Haitians find homes in ruins in wake of deadly gang battles

By Milo Milfort

Port-au-Prince, May 26 (EFE).- A month after the start of a gang war that forced thousands in Haiti’s capital to flee their homes, returning families are finding their former residences have been reduced to rubble and ashes.

One hard-hit neighborhood is Croix des Mission, a district located at the northern entrance to Port-au-Prince.

Some families have been trickling back there over the past week due to a lull in the brutal battles pitting the heavily armed 400 Mawozo and Chen Mechan gangs, coordinated armed attacks that have resulted thus far in at least 188 deaths (including at least 92 people unaffiliated with the gangs) and thousands of displaced people, according to the United Nations’ latest figures.

Many houses were burned and those spared the flames were looted of every last item of value.
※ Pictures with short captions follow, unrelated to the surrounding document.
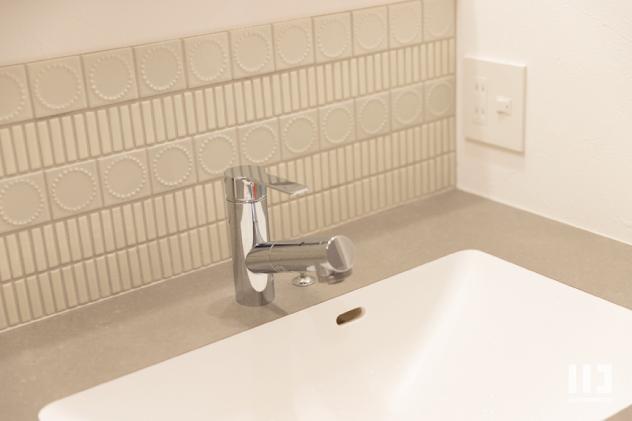 「イロとカタチを紡ぐ」の洗面所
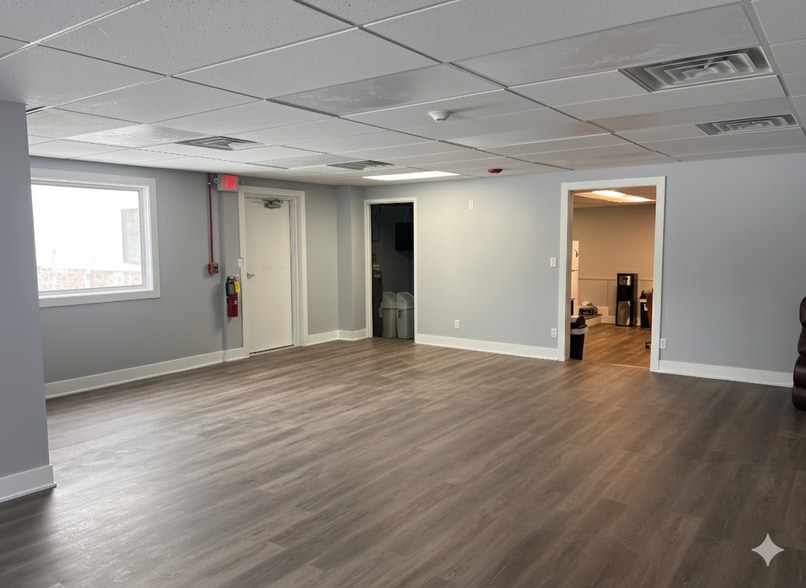 More Photos Of 1001 Geneva St, Shorewood Warehouse For Lease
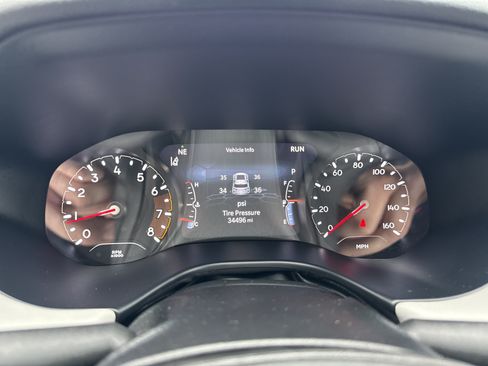 Used 2025 Jeep Compass Limited AWD/4WD image 20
Bertha St-Felix, a 38-year-old pregnant mother of four, fled the violence and now, with her home burned to the ground, will have to move in with one of her sisters, she told Efe.

“I’ve lost everything. I wasn’t able to salvage anything. Not even my children’s birth certificates,” she said next to one wall of her destroyed home.

Amid the rubble are vestiges of a former life: what’s left of a TV set, pieces of a plate and a bed frame completely deformed by fire.

Since the gang war erupted on April 24, dozens of homes and vehicles have been set ablaze and numerous victims have been burned alive in the street.

The UN said last week the armed violence had reached “unimaginable and intolerable” levels in Port-au-Prince, with instances of beheadings, the burning and dismemberment of bodies, the killing of minors accused of being informants for rival gangs and the gang rape of children as young as 10.

Bertha and her family returned to Port-au-Prince last Friday after running out of money in Mirebalais, a nearby city where she had fled with her children and a brother, joining hundreds of other displaced people taking refuge from the fighting.

She decided to go back because schools have reopened and she wants her two children accompanying her to finish the academic year.

Like her, 26-year-old David Corneille made his way back to his home district because he has nowhere else to go.

“This is our house. We had to go back,” he told Efe at his father’s reopened store.

The gradual return of families is restoring some life to Croix-des-Mission, where neighbors can be heard greeting one another and the familiar sounds of public transport fill the air.

Yet even as some have returned to their homes, several dozen other people are living in sub-human conditions in a square in the capital’s Tabarre neighborhood or taking shelter in various area public schools.

Those who have come back fear the imminent return of the 400 Mawozo gang and their allies, who control large swaths of territory along the highway that leads to Haiti’s border with the Dominican Republic.

“We’re still afraid. We live in fear. But you know, this is our area. We grew up here. I’ll have time to leave if the war starts up again,” Bertha said.

Yves Corneille, David’s father, said he returned home because he has no other place to stay with his three children.

“I’ve come back but I’m afraid. I don’t know what to do. We just pray that nothing bad happens,” said the 56-year-old man, who like many other local residents says he has lost all confidence in the government.